Por uma Justiça sem vingadores, mas severa com os golpistas do 8/1

Para que nada de parecido se repita

Ou houve uma tentativa de golpe em 8 de janeiro ou não. A mais alta Corte de Justiça disse que sim ao julgar e condenar os três primeiros brasileiros que participaram da invasão da Praça dos Três Poderes, em Brasília, destruindo partes de prédios públicos.

Não foi um ato isolado, muito menos espontâneo. Fez parte de um rosário de atos que teve início no dia seguinte ao segundo turno da eleição presidencial de 2022 com a montagem de acampamentos à porta de quartéis e o bloqueio de estradas,

Por mais de 60 dias, milhares de pessoas pediram uma intervenção militar para impedir a posse de Lula. Por ordem de Bolsonaro e concordância dos comandantes das Forças Armadas, elas foram bem acolhidas, protegidas e até ajudadas no seu intento.

Do acampamento em frente ao Quartel General do Exército, saíram os rebelados que na noite da diplomação de Lula atacaram a sede da Polícia Federal no centro da cidade e tocaram fogo em carros e ônibus sob os olhos e a paralisia de policiais militares.

Às vésperas do Natal, dali saiu o terrorista, com uma bomba fabricada no acampamento, para explodi-la no aeroporto de Brasília. A tragédia só não foi consumada porque, acionado, o mecanismo falhou. Do contrário, teria havido muitas mortes.

Lula tomou posse, o Exército impediu que a Polícia Militar do Distrito Federal desmontasse o acampamento, mas ele voltou a encher-se às vésperas do domingo de 8 de janeiro. Depois do golpe anunciado, outra vez o Exército retardou a prisão dos golpistas.

Se esse foi, como ficará registrado na História, o mais grave atentado contra a democracia desde o fim da ditadura militar de 64, os golpistas, os que os financiaram, os que os organizaram, os que os incitaram devem ser punidos sem dó nem piedade.

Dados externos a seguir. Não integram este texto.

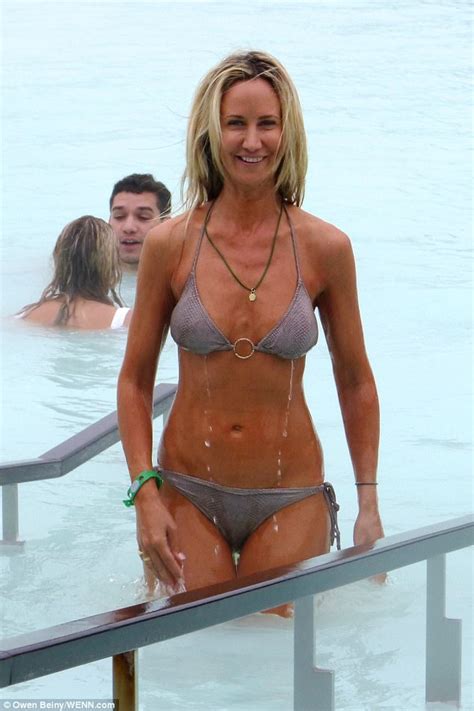 Lady Victoria Hervey Takes A Relaxing Dip In Blue Lagoon Daily Mail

Para que nada parecido possa se repetir. Naturalmente, as penas a serem aplicadas devem levar em conta o grau de envolvimento de cada um no episódio. Mas perdão não cabe. Complacência, também não. Acordão, em um país dado a acordos, jamais.

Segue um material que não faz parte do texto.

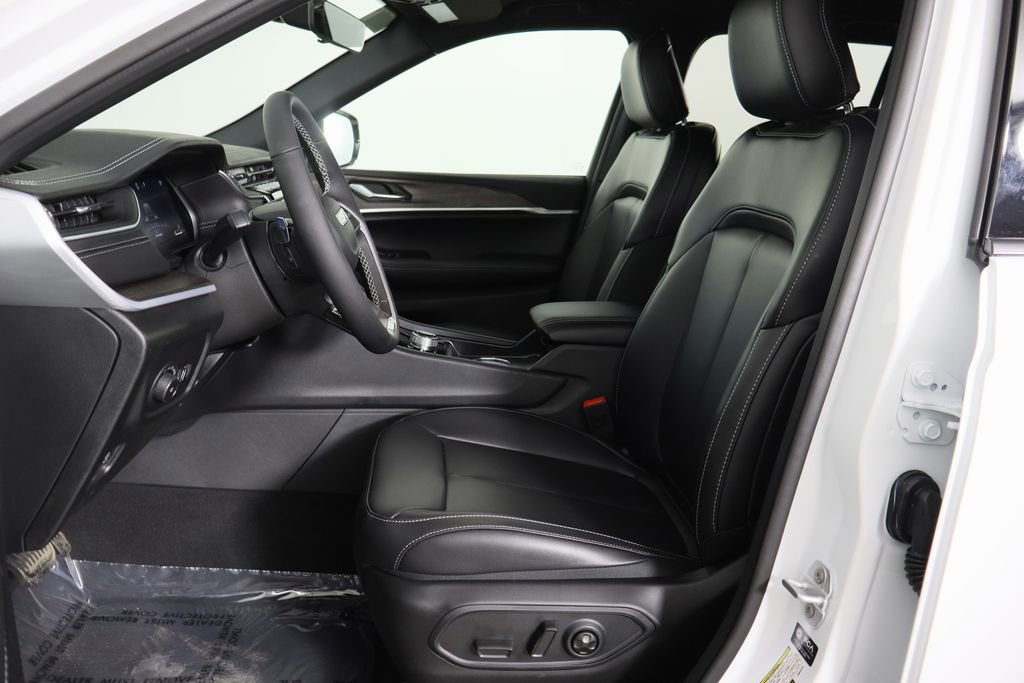 New 2025 Jeep Grand Cherokee Limited image 15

Começa-se a ouvir falar que houve exagero nas condenações dos três primeiros golpistas a penas entre 14 e 17 anos. E que tamanha severidade deveria estar reservada, se tanto, aos “tubarões”. Esquece-se que aqui os números nunca são o que aparentam.

Um condenado a 17 anos de prisão nos Estados Unidos fica preso por 17 anos. No Brasil, por uma série de artifícios, 17 anos podem ser reduzidos a meia dúzia de anos. Um simples denunciado, se for pobre, pode ficar anos a fio preso sem ter sido julgado.

A democracia brasileira prescinde de vingadores não porque seja robusta, pois não é, mas porque Justiça nada tem a ver com vingança. São coisas diferentes. A página do golpe de 8 de janeiro só será virada quando a Justiça estiver completa.